When we make those observations, if they're consistent with the theory's predictions, we say it confirms the theory; if not, it refutes the theory. If there are enough observations that confirm the theory, no believable observations that refute it, and there are no other theories that are also confirmed, we treat the theory as true. This is typically when we elevate a theory to a "law", although often we stick with the old terminology out of habit (e.g. relativity is still called a "theory", although it's arguably as strongly confirmed as Newton's "laws" ever were).
So the basic logic of Einstein is:
- If molecules exist, they will cause phenomenon X.
- We observe phenomenon X.
- Therefore, the hypothesis that molecules exist is confirmed.
"Confirmed" doesn't mean it's proved true, just that it's given more credence.
You'll observe that the above is not a normal logical progression. Scientific "proofs" are not like mathematical deductions, they're more like Bayesian induction -- each confirmation increases the likelihood that the hypothesis is true.
$\begingroup$
$\endgroup$
Thinking a little, I think my difficulty is due to a misunderstanding of what Einstein was trying to show. I assumed that he was trying to prove that water is made of molecules. Actually I don't think that was the objective at all now! In fact the molecular reality of water is somewhat irrelevant in Einstein's argument. Mathematically its treated as a continuum, and its role is to absorb momentum from the pollen. I think he was actually trying to show that kinetic theory is a mathematically self consistent theory, specifically it would apply equally well to macro particles such as pollen, as it would to molecules, such as sugar. This sentence I believe is key:
"According to this theory a dissolved molecule is differentiated from a suspended body solely by its dimensions, and it is not apparent why a number of suspended particles should not produce the same osmotic pressure as the same number of molecules"
So before 1905, this is what we know. Pollen is a particle. But a dissolvable substance such as sugar, is it a particle or continuous matter? I think this is what he is trying to prove, that sugar is a particle... not the water!
So how do we go about proving sugar is a molecule?
Step 1) Show that some property of sugar and pollen are similar.
Well, we know that there is this property of sugar called osmosis, and it's governed by Van't Hoff's law. So if we can show that Van't Hoff's law also applies to pollen, then the logic is pollen and sugar are similar in nature.

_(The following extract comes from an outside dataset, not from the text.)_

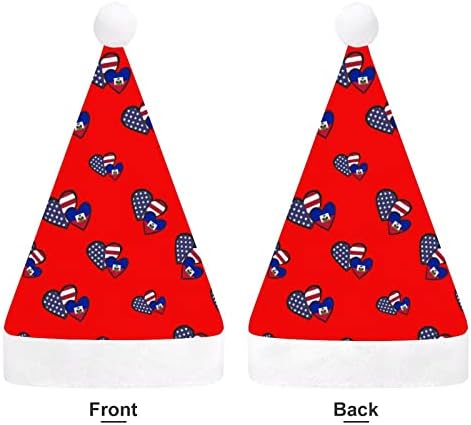 Corações interligadas American Haiti Flag engraçado chapéu de Natal Papai Noel Hats Plexh Short com punhos brancos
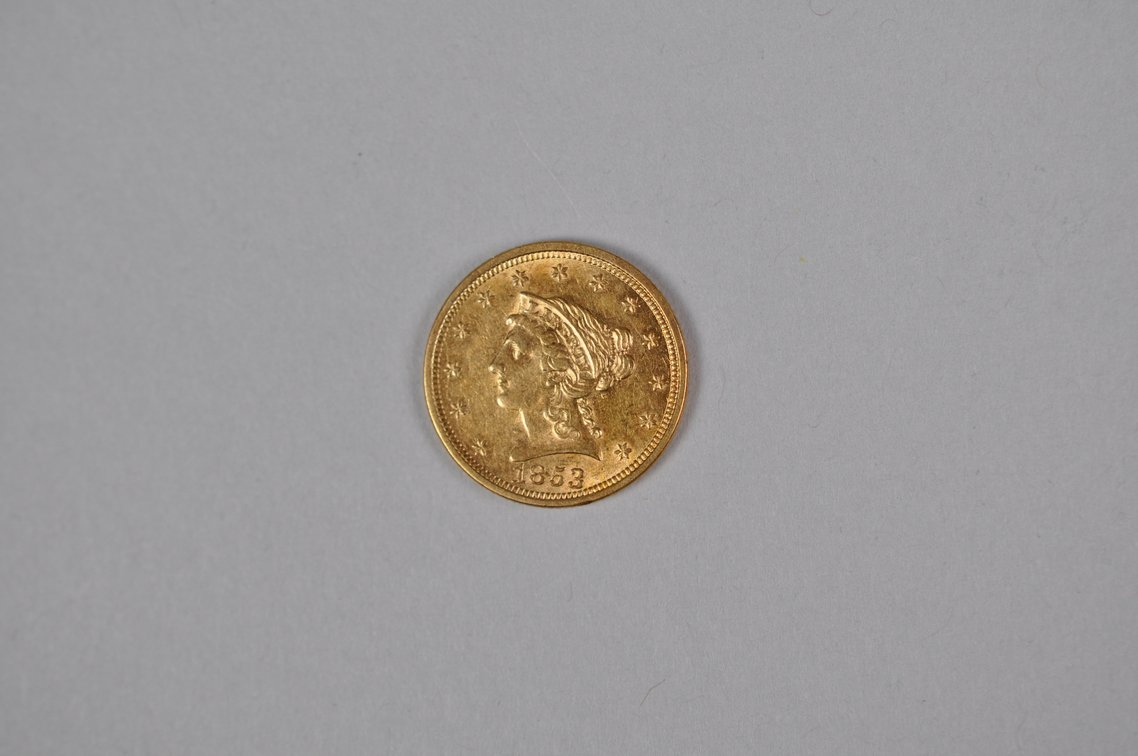 1853 Liberty Quarter Eagle Gold AU/MS, photo 4 of 8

Step 2) Because we know pollen is a particle -> sugar must be a particle also
So then why not just measure the osmotic pressure of pollen and then the proof is done? Well I think the problem is that the osmotic pressure is going to be so tiny its undetectable. So back to step 1, he had to find a roundabout way to calculate osmotic pressure, thus kicking off the whole diffusion, random walk statistical analysis which ultimately culminates in Avogadro's constant. Since the same constant governs pollen and sugar, step 2 follows.
Btw I know this is not mathematical proof. Step 2 is not a hard corollary of step 1. To reiterate my key point, Einstein's analysis was not to say anything about the molecular nature of the liquid. It was merely showing that random motion of large particles and molecules from a solute are governed by the same equations.